The complexity and function of the nervous system relies on the generation of unparalleled neuronal diversity across molecular, morphological, functional and connectional features throughout developmental continuum. However, the strategies to generate neuronal diversity across different brain regions during development remain enigmatic.
In a review published in the Neuroscience Bulletin, researchers led by Dr. Wu Qingfeng from Institute of Genetics and Developmental Biology of the Chinese Academy of Sciences have illustrated three distinct strategies deployed by neural progenitors to produce diverse neuronal subtypes:
- The predetermined model, characterized by the fate specification of neural progenitors into an invariant neuronal subtype within a specified time window
- The stochastic model, suggesting that cell fate resembles quantum particles existing in a superposition of states, each occurring with different probabilities until direct observation restricts the probable outcomes to one state
- The cascade diversifying model, demonstrating that multiple cell types including neural progenitors and neuronal precursors along the lineage hierarchy contribute to neuronal fate diversification in a stepwise manner
In combination with the spatiotemporal developmental patterns of nervous system, the researchers summarized the developmental process of neural progenitor cells within cerebral cortex, spinal cord, retina and hypothalamus.

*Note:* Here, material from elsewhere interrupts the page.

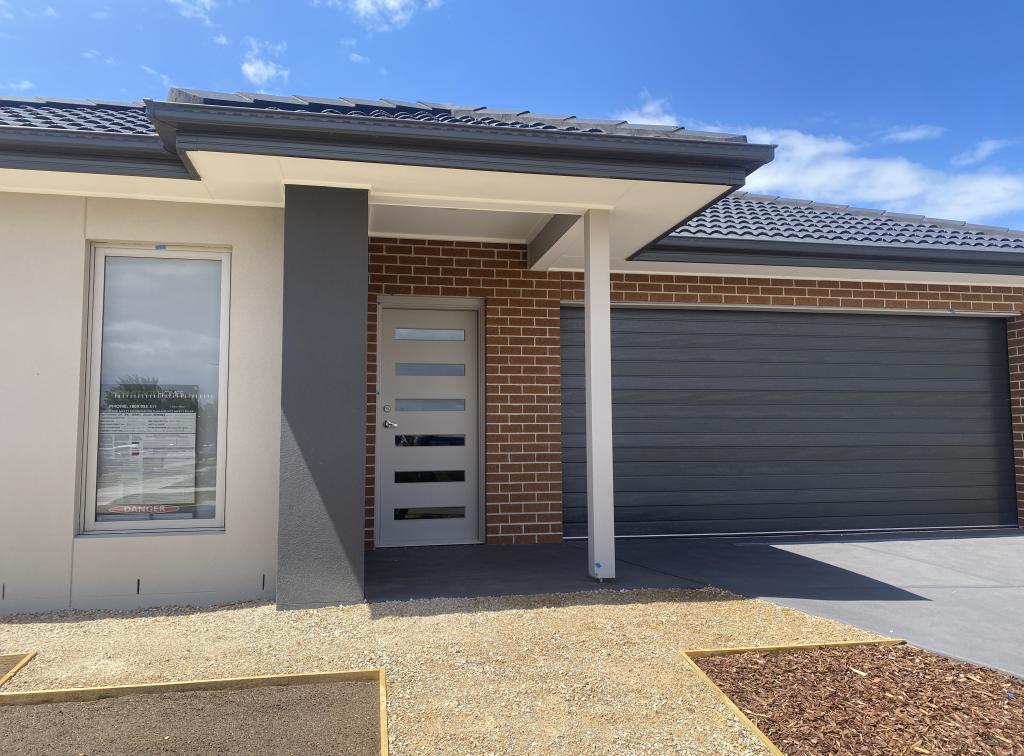 1 Shanti Cct, Werribee, VIC 3030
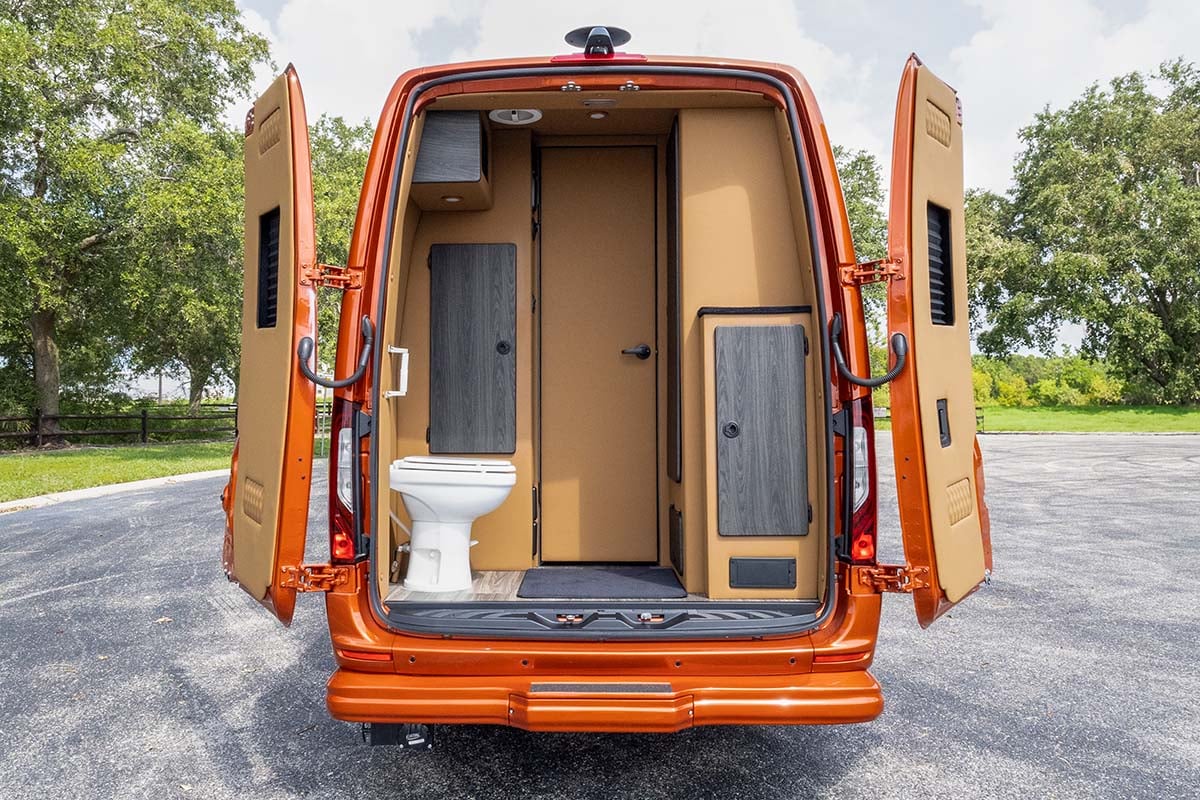 2025 OGV LUXURY COACH V-Cruise 9-Passenger gallery image-28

It is also notable that microenvironmental cues, spontaneous activity and connectional pattern further reshape and diversify the fate of unspecialized neurons in particular regions. The illumination of how neuronal diversity is generated will pave the way for producing specific brain organoids to model human disease and desired neuronal subtypes for cell therapy, as well as understanding the organization of functional neural circuits and evolution of nervous system.
Taken together, this review provides deep insights into the mechanisms of generating neuronal diversity, which will provide profound theoretical support for brain development and neuronal therapy.